--- START ---

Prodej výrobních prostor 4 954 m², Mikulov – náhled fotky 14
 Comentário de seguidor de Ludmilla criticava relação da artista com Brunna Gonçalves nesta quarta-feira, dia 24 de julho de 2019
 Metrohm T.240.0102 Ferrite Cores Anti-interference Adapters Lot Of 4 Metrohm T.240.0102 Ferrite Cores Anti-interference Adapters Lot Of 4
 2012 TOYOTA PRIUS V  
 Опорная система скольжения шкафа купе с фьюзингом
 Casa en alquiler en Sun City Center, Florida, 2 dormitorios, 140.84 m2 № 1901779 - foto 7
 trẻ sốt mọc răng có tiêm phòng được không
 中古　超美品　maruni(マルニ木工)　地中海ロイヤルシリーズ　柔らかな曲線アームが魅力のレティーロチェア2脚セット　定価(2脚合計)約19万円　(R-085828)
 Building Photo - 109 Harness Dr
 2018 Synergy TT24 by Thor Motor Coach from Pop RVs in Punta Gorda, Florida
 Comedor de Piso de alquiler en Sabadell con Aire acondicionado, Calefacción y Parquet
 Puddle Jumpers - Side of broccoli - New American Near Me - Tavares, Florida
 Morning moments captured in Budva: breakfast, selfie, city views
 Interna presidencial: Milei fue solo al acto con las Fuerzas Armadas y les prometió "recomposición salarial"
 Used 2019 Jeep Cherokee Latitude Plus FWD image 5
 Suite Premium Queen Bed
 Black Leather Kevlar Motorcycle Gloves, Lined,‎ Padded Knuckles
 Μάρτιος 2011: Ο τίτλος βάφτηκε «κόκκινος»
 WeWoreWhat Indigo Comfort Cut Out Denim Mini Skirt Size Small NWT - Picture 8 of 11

--- END ---

Top to bottom, transcribe every line above exactly.

__RESULT__.
Prodej výrobních prostor 4 954 m², Mikulov – náhled fotky 14
 Comentário de seguidor de Ludmilla criticava relação da artista com Brunna Gonçalves nesta quarta-feira, dia 24 de julho de 2019
 Metrohm T.240.0102 Ferrite Cores Anti-interference Adapters Lot Of 4 Metrohm T.240.0102 Ferrite Cores Anti-interference Adapters Lot Of 4
 2012 TOYOTA PRIUS V  
 Опорная система скольжения шкафа купе с фьюзингом
 Casa en alquiler en Sun City Center, Florida, 2 dormitorios, 140.84 m2 № 1901779 - foto 7
 trẻ sốt mọc răng có tiêm phòng được không
 中古　超美品　maruni(マルニ木工)　地中海ロイヤルシリーズ　柔らかな曲線アームが魅力のレティーロチェア2脚セット　定価(2脚合計)約19万円　(R-085828)
 Building Photo - 109 Harness Dr
 2018 Synergy TT24 by Thor Motor Coach from Pop RVs in Punta Gorda, Florida
 Comedor de Piso de alquiler en Sabadell con Aire acondicionado, Calefacción y Parquet
 Puddle Jumpers - Side of broccoli - New American Near Me - Tavares, Florida
 Morning moments captured in Budva: breakfast, selfie, city views
 Interna presidencial: Milei fue solo al acto con las Fuerzas Armadas y les prometió "recomposición salarial"
 Used 2019 Jeep Cherokee Latitude Plus FWD image 5
 Suite Premium Queen Bed
 Black Leather Kevlar Motorcycle Gloves, Lined,‎ Padded Knuckles
 Μάρτιος 2011: Ο τίτλος βάφτηκε «κόκκινος»
 WeWoreWhat Indigo Comfort Cut Out Denim Mini Skirt Size Small NWT - Picture 8 of 11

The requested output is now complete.